To break this duopoly, Microsoft is now preparing to build its own mobile games store, and the company is banking on upcoming regulations to pull that off.

In an interview with the Financial Times, Microsoft's gaming head Phil Spencer said that the EU's Digital Market Act (DMA), which will go into effect next March, will help the company fulfill its mobile app store ambitions. The DMA will allow companies to load their app stores on Apple and Android devices by asking Apple and Google to open up their ecosystems.

"We want to be in a position to offer Xbox and content from both us and our third-party partners across any screen where somebody would want to play," Spencer told FT. "Today, we can’t do that on mobile devices, but we want to build towards a world that we think will be coming where those devices are opened up."


Microsoft has had a difficult time creating the user experience it wants with its Cloud Gaming app on Apple devices because the iPhone maker required users to download each game available to play on Microsoft's cloud offering, including Fortnite. So Microsoft now asks people to sign in through Safari and follow instructions, which are not as easy as downloading an app from the App Store.

Microsoft's efforts to build its own app store for games is not surprising given Apple's restrictions around downloads and in-app purchases on its devices.

Apple and Google didn't immediately respond to requests for comments.

In the last five years, Microsoft has acquired a ton of games studios, including Ninja Theory, Playground Games, Bethesda owner Zenimax Media, and it is in talks with regulators to go ahead and complete its deal to buy Activision Blizzard. If the Activision deal goes through, Microsoft can gain a footing in the mobile market through a separate store with titles like Call of Duty Mobile and Candy Crush Saga along with upcoming releases. Notably, Activision Blizzard has been making significant money from mobile games, so controlling distribution through its own store will give Microsoft an edge.

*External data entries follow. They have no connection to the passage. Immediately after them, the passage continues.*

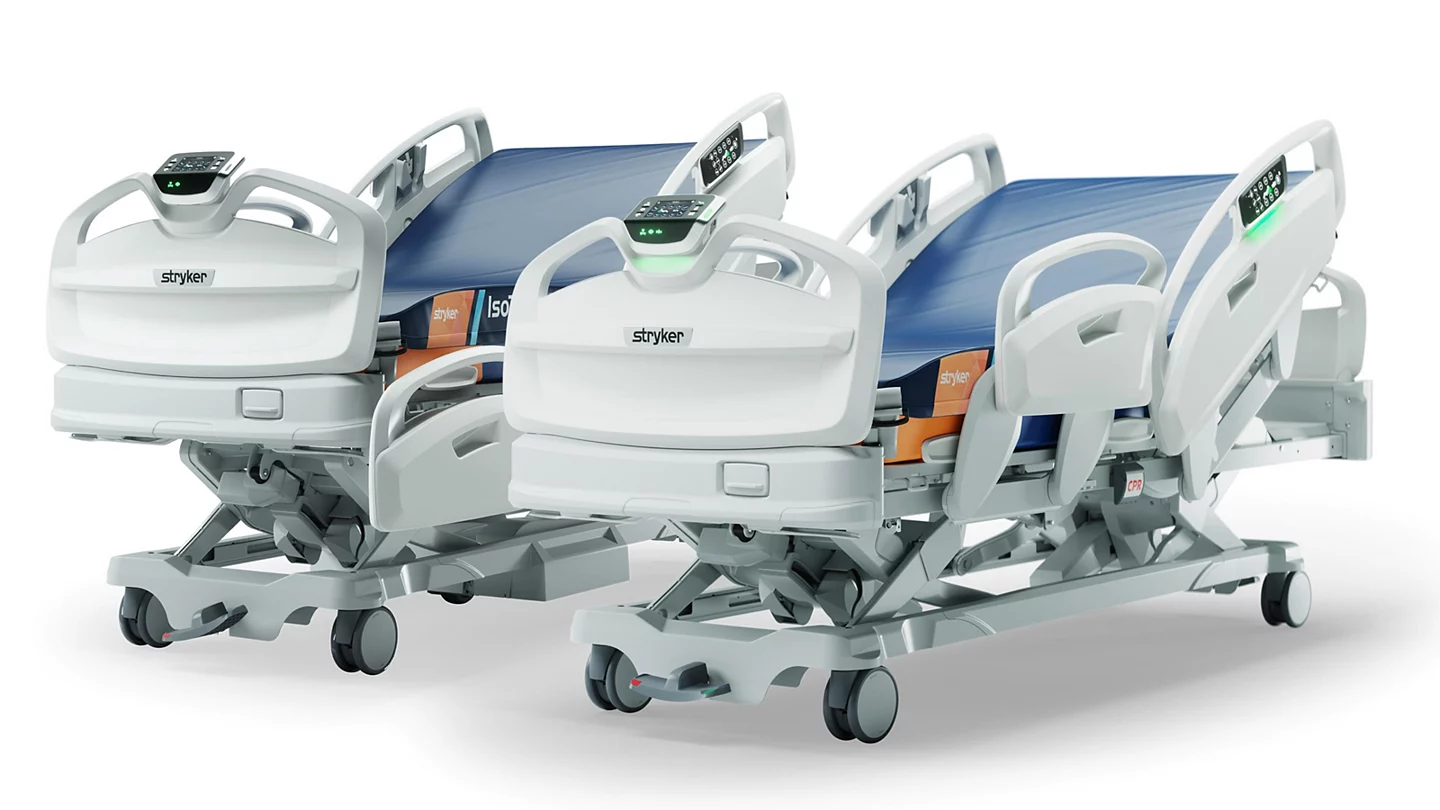 เตียงผู้ป่วยสำหรับไอซียูปรับด้วยไฟฟ้าชนิด 4 motor  Intensive care bed ProCuity LEX and ZX  Stryker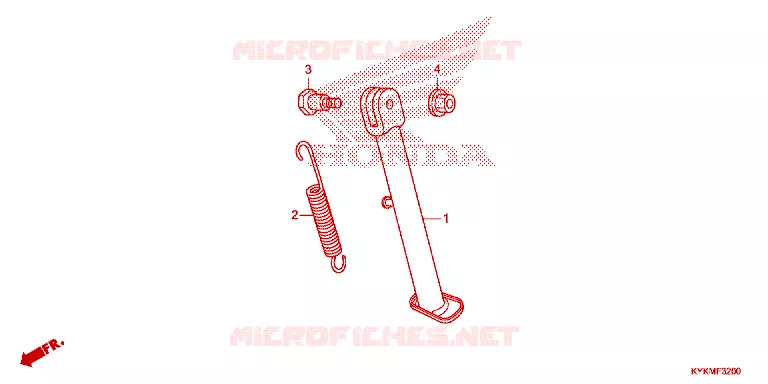 STANDAARD  Honda MOTO 110 CRF 2023  CRF110FP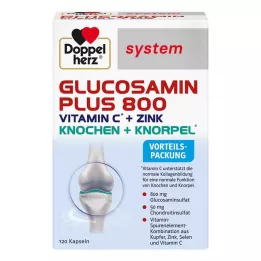DOPPELHERZ Glukozamin Plus 800 sistemskih kapsul, 120 kapsul
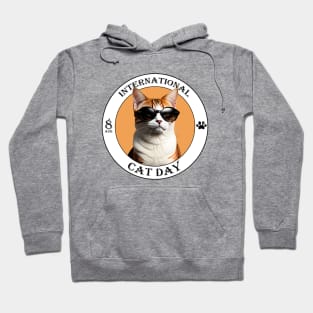 8 AUG, International Cat Day Hoodie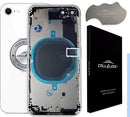 iPhone SE (2020) Back Housing Assembly Metal MidFrame w/Back Glass - Sim Card Tray, Power / Volume Buttons, Camera Frame and Lens - CELL4LESS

The biggest challenge Microsoft is facing is completing the Activision Blizzard deal, as regulators from the U.S., the U.K. and the EU are scrutinizing the merger. Last month, the U.K.'s Competition and Markets Authority (CMA) said it would launch an antitrust investigation over concerns the deal could harm the country's gamers with "higher prices, fewer choices." Microsoft has tried to appease regulators by saying it is ready to provide a long-term commitment to make popular games like Call of Duty available on competitors' platforms.

The tech giant recently signed a 10-year deal to bring Xbox games to Nintendo consoles. It has also agreed to bring these games to cloud gaming services from Nvidia, Boosteroid and Ubitus.